Call me, Barrister Mgobi. I miss you.


 Posted on April 20th, 2009

Here’s the problem with the CRTC’s Do-Not-Call list: $55 for an area code, $1,125 for the whole show. That’s how much it costs to get a one-month subscription to a list of all the people registered for the program.

Now, can you believe there’s such a thing as a dishonest telemarketer? Maybe not in Canada, heavens no. But maybe elsewhere. I don’t suppose the Nigerian barrister entrusted with distributing the late Mr.Whatever’s millions is too worried about complying with Canadian law. I bet he clicks on all those “I Accept” checkboxes without a care in the world. I bet his tea tastes just fine in the morning.

And why not? All you need is a credit card. The sign-up system for telemarketers doesn’t even verify the email address you enter. By the time someone in the government server room realizes that the information is in the hands of someone who shouldn’t have it, the barrister will be safe and sound on his chair in front of his computer; about two minutes later; same place he was when he started.

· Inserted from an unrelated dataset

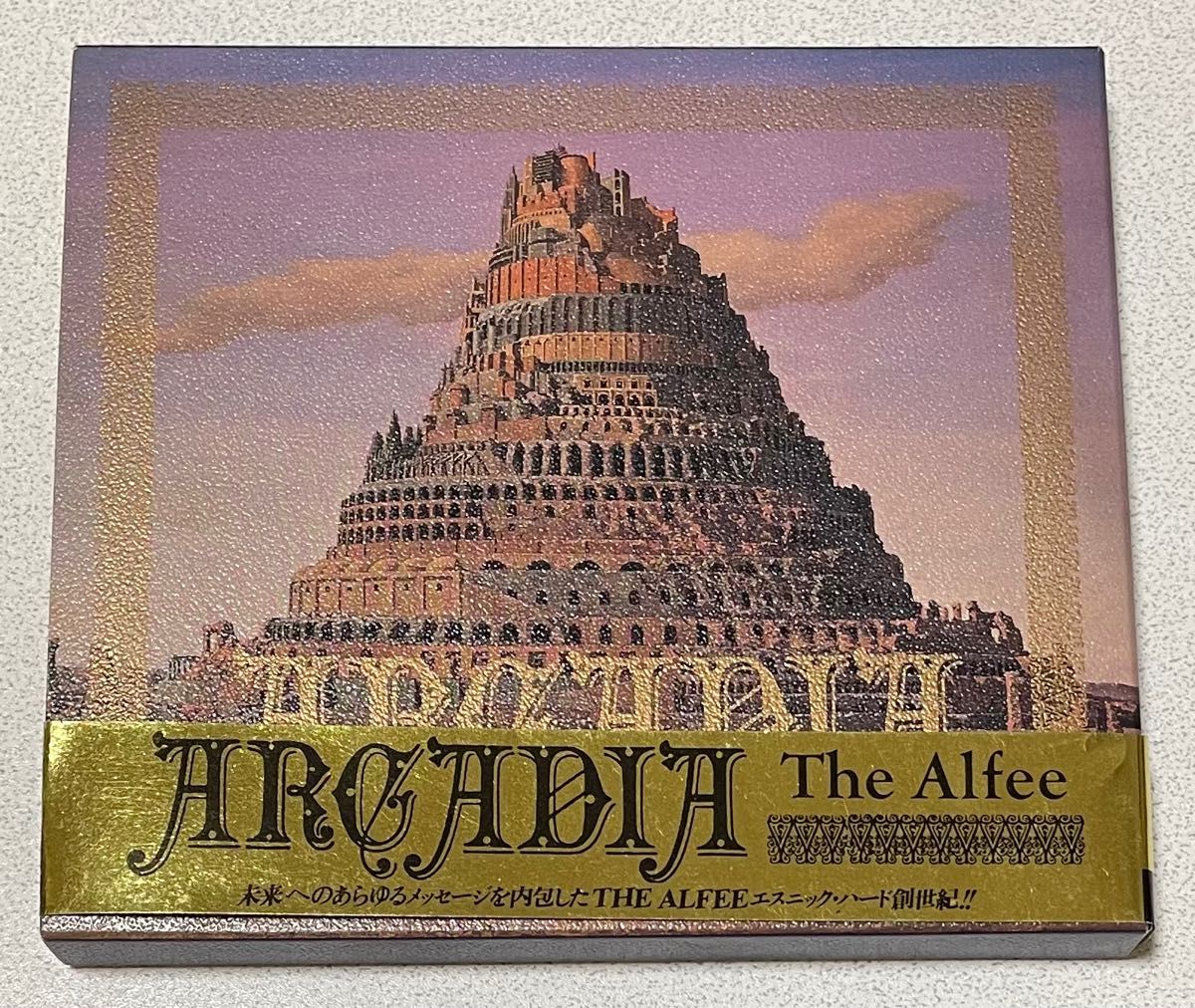 中古 ARCADIA -THE ALFEE-【送料無料】【メール便でお送りします】代引き不可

Even if we assume that every telemarketer in Canada is honest [insert knowing head-nod here], there are plenty of places for our phone numbers to make unsavoury friends. Basically, I say avoid that no-call list like it’s a pussing, Gonorrhea-infected sore.

I accidentally discovered the solution to telemarketers when I decided to actually do a phone questionnaire one night. I was in a good mood.

The first question was, “Do you or someone you know work for a marketing, media, or telemarketing firm?”  I said that yes, I did, because at the time I was working for CTV.

The phone call was over; I didn’t qualify and thanks for my time.

Huh.

The next time I got a call, I curtly cut into the introduction with, ”I work for your telemarketing firm”, and laughed.

The woman on the other end of the line sounded like she had just farted on her dear mother’s grave. She was so, so, so sorry and…how could this have happened? No, this is not right! So sorry, sir. Your name will be taken of the list right away. This has never happened before; so unusual. So sorry.

Huh.

It’s something to try.

If you don’t want to go the full distance and lie about working at their company, pick one at random in or near the field [of evil!] and make yourself an honorary employee. Don’t get the government to lie for you, they suck at it.

One Comment on “ Call me, Barrister Mgobi. I miss you. ”

  • Renee
    April 21st, 2009 9:49 am

    That's great!!! I'll have to try that possibly tonight during one of their daily phone calls which generally I routinely ignore.